Jerome Powell sees moderate inflation in the short term however he emphasises this will not be constant. One of the data points showing this is the change in GDP forecasts. 2021 Forecasts have ballooned to 6.5% compared to the 4.2% December projection. This shows massive growth however, the year following has only been revised up by 0.1% & 2023 actually being revised lower. The Fed doesn’t see inflation as they do not see GDP overheating after 2021.
Another data point to be mindful of is the Dot Plot. This represents the view of policy makers for the rate target range for year end. In the prior Dot Plot, policy makers believed rates would remain unchanged throughout 2021, with 1 member seeing a raise in rates in 2022 and 5 policy makers seeing rates rise in 2023. This data can be seen below:
This data has now been updated as of yesterday with a few adaptations to viewpoints. We have now seen 3 more policy makers project rises in 2022, 2 more in 2023 and 1 in addition to the longer run. Powell did however state that this isn’t too influential as it is a bias that can change with time. Powell states we will see modest inflation but he cannot forecast rate changes. The Fed wants inflation to run moderately above 2%.
“Talking about inflation is one thing, actually having inflation run above 2% is the real thing. The Fed maintains the stance of wanting max employment and stable prices before adjusting the monetary & fiscal policy. The majority consensus for rate hikes remains in 2023. Powell is more focused on employment than inflation at this point and is okay with seeing inflation above 2% without hiking rates as with lower rates, the government can pay off debt at a cheaper rate.
Gold being an inflation hedge as well as being an attractive investment during times of low rates and quantitative easing, is now being eyed out by institutions as we bounce off the significant level of $1700. There was fear around a surprise taper & what the Fed would do with regards to rising inflation, however investors are left less shaken up as Powell continues to reiterate forward guidance, communicating well in advance of tapering QE & hiking rates.
Looking at the weekly timeframe, we have seen the metal lose its shine over the past few months. Price has now reached significant levels and bounced back as we spike into liquidity regions and close above the psychological key level of $1700. This was also the 3rd touch at the bottom end of the channel.
Analysing the daily timeframe, we have used the eclipse tool to hi-light the rejections off the bottom end of the channel. After seeing a daily closure below $1700, many traders were drawn short as we tapped into the liquidity region & closed back above, forming a fake-out of support. We then saw a retest of $1700 as support after hovering above for a couple days. This upside move coincides with the DXY downside. Price is now at a level of resistance around $1740 as well as a daily descending trend line.

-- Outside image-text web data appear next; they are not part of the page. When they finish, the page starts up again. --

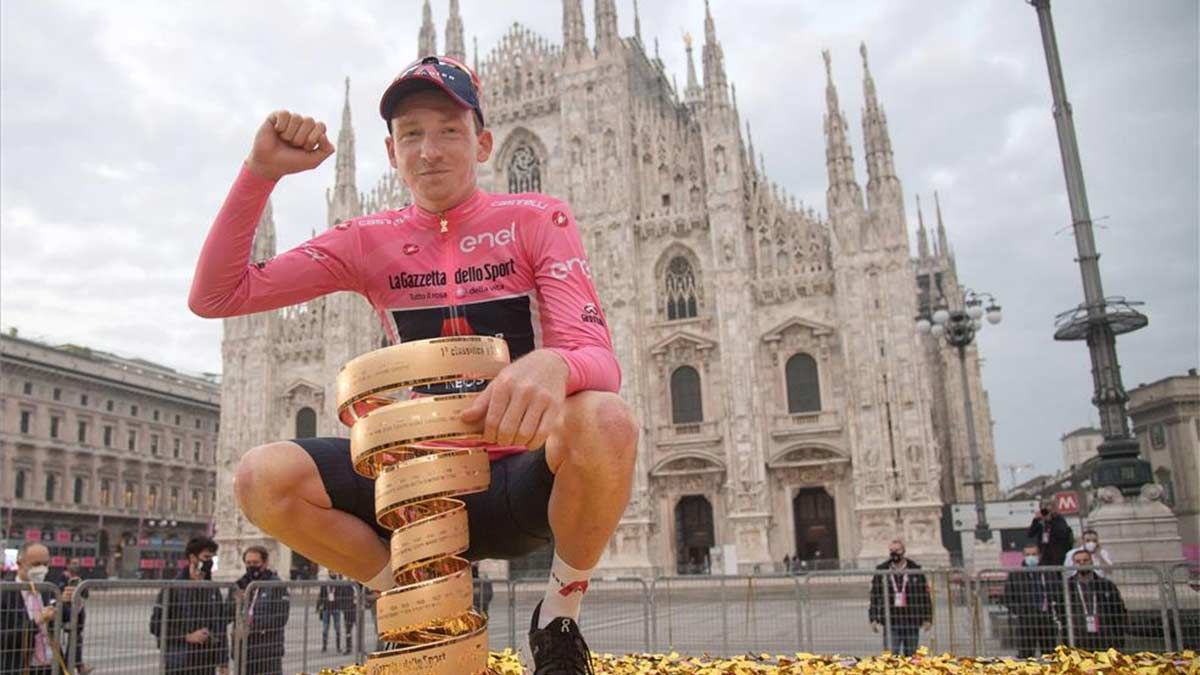 Hart posando con el trofeo de campeón del Giro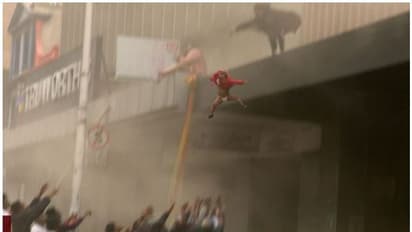 കലാപത്തിനിടെ കത്തുന്ന കെട്ടിടത്തില്‍ നിന്ന് കുഞ്ഞിനെ രക്ഷിക്കാന്‍ താഴേക്കെറിഞ്ഞ് അമ്മ; ഞെട്ടിക്കും വീഡിയോ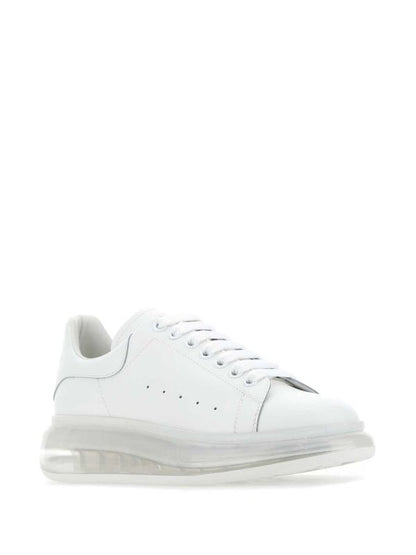 Alexander McQueen
Oversized sole sneakers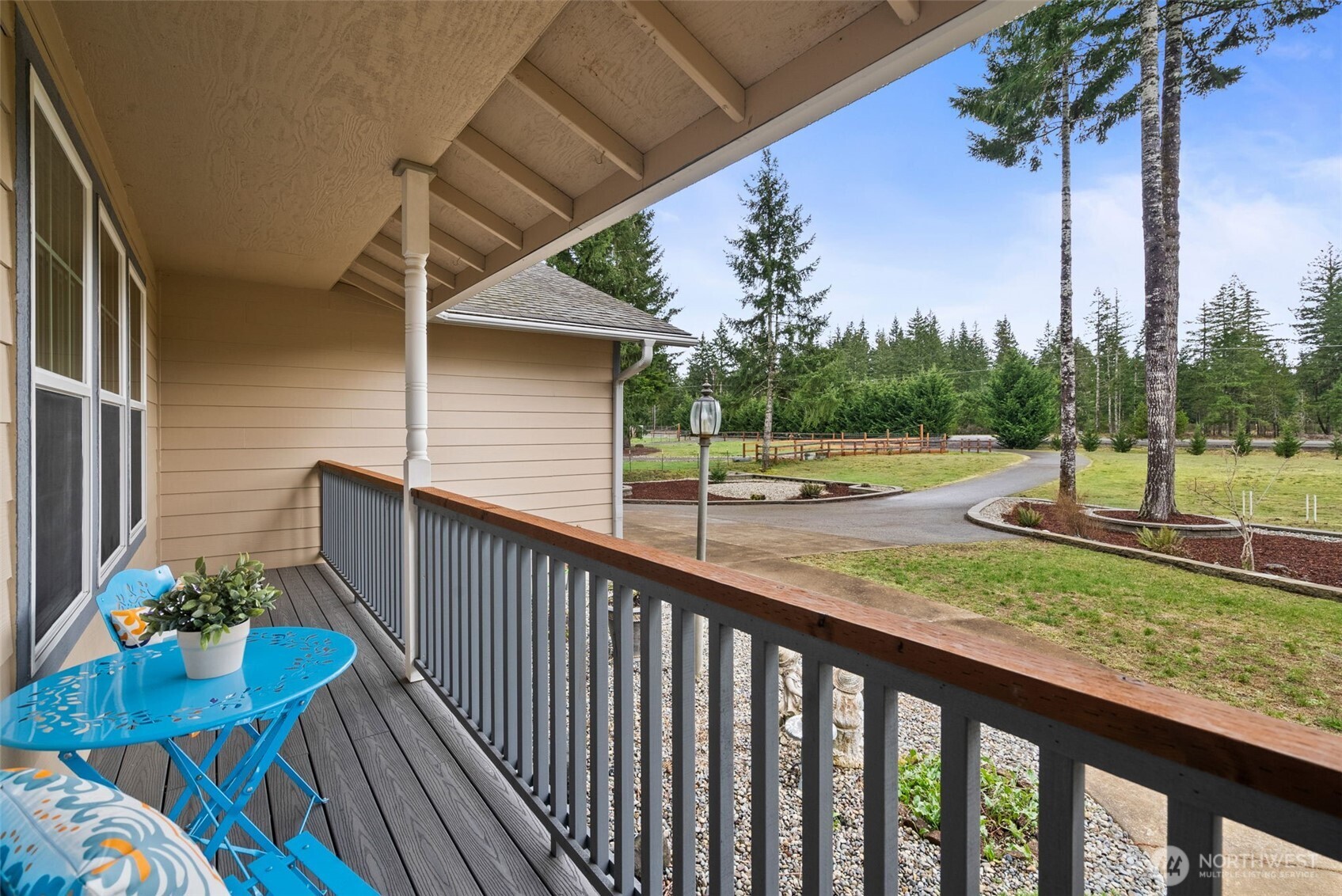 5016 E Brockdale Rd , Shelton, WA 98584
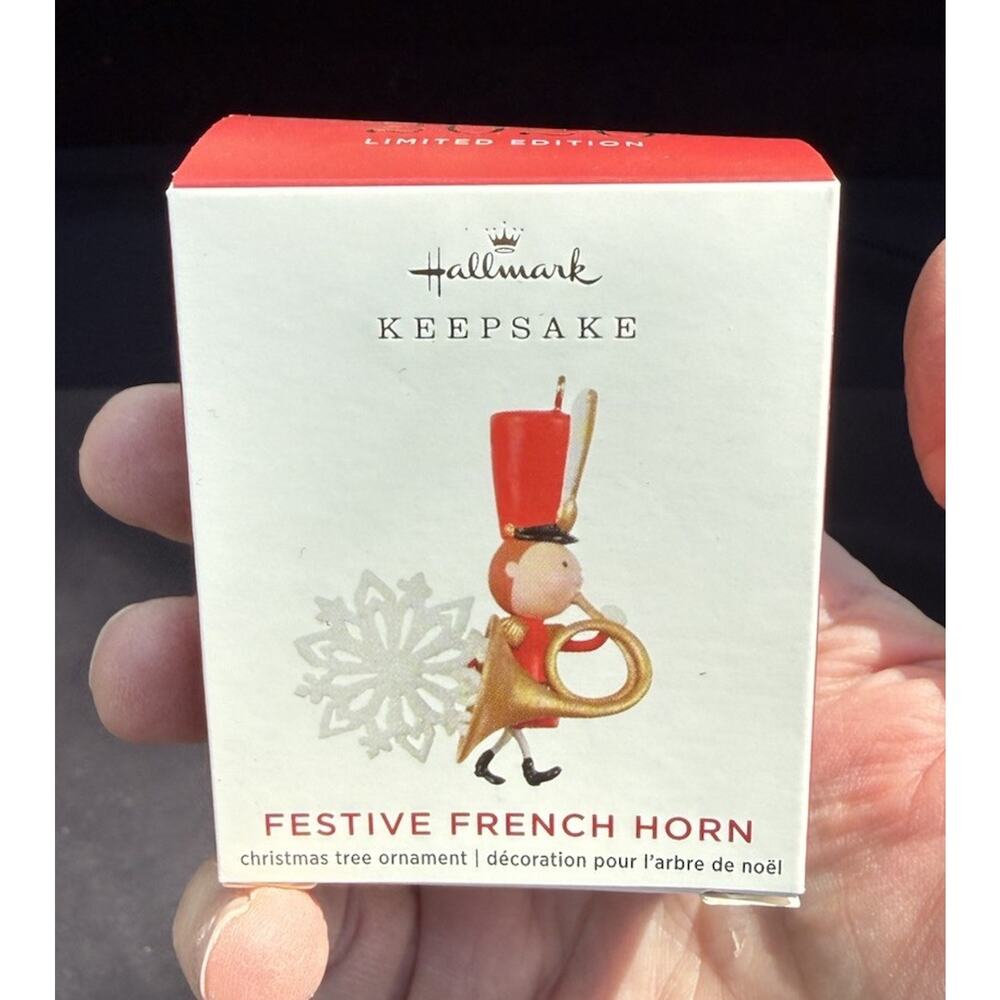Hallmark Mini Ornament "FESTIVE FRENCH HORN" Limited Edition NIB -LO11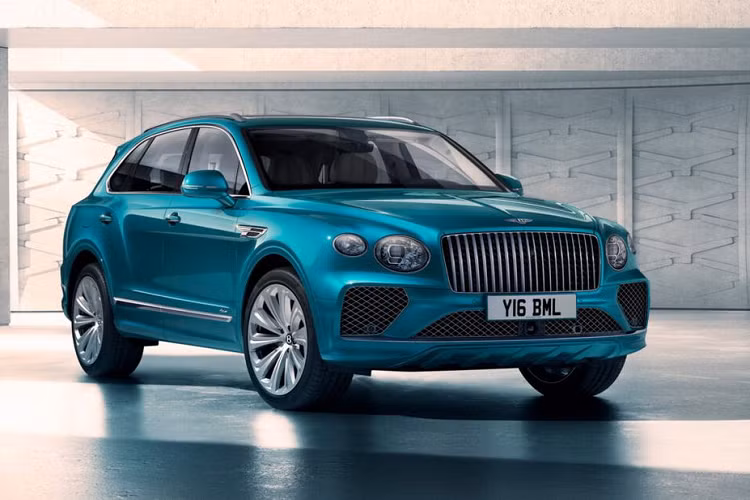 Các phiên bản Bentayga S và Azure sẽ được trang bị tính năng đánh lái cầu sau dưới dạng tiêu chuẩn, trong khi đối với các phiên bản khác là trang bị tùy chọn. Tính năng này giúp chiếc SUV trở nên linh hoạt và ổn định hơn trên những khúc cua tốc độ thấp.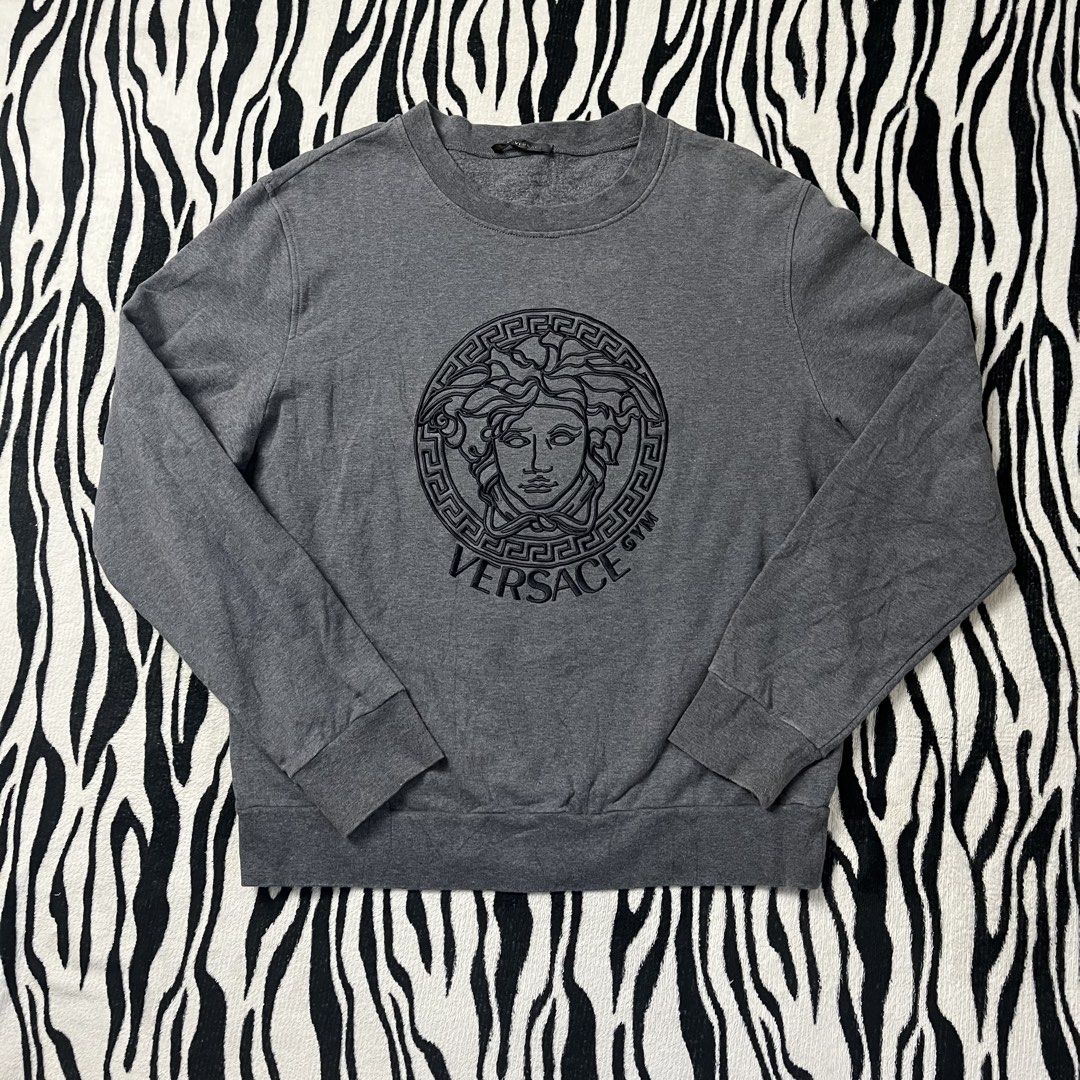 Versace medusa gym (Category: Hoodies) located in Manila. Submitted by royaldripmanila (Listing ID 1465043227, Image 1). Description: No issue W22 L25.5.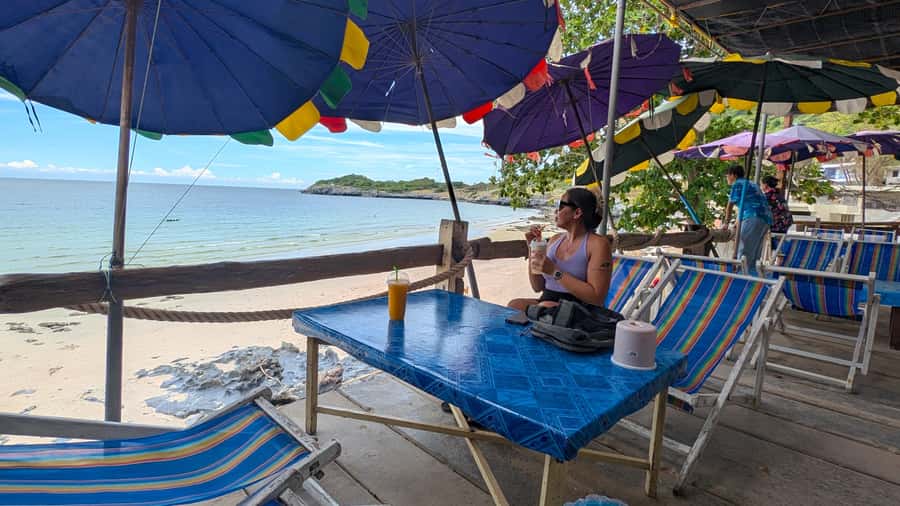 From Bangkok: Day Tour Koh Sichang Island with Tuktuk Tour - Mondop Roi Phraphutthabat: Buddha’s footprint and big views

Closures above this level & the trend line will enable an upside leg into $1780 with the top end of the channel around $1850. Breakouts below the channel will allow for extended downside into the $1600 handle.
Monitoring the 4HR, we have clear price action showcasing the trend line break followed by break of structure to the upside. After creating new highs yesterday, we have since seen a pullback into our first level of support. Should we see this level maintain around $1740, we can continue higher, a break below will allow a push into $1730 and $1712 respectively. A fib can be applied from the HL to HH annotated above to find retracement levels upon a break of $1730.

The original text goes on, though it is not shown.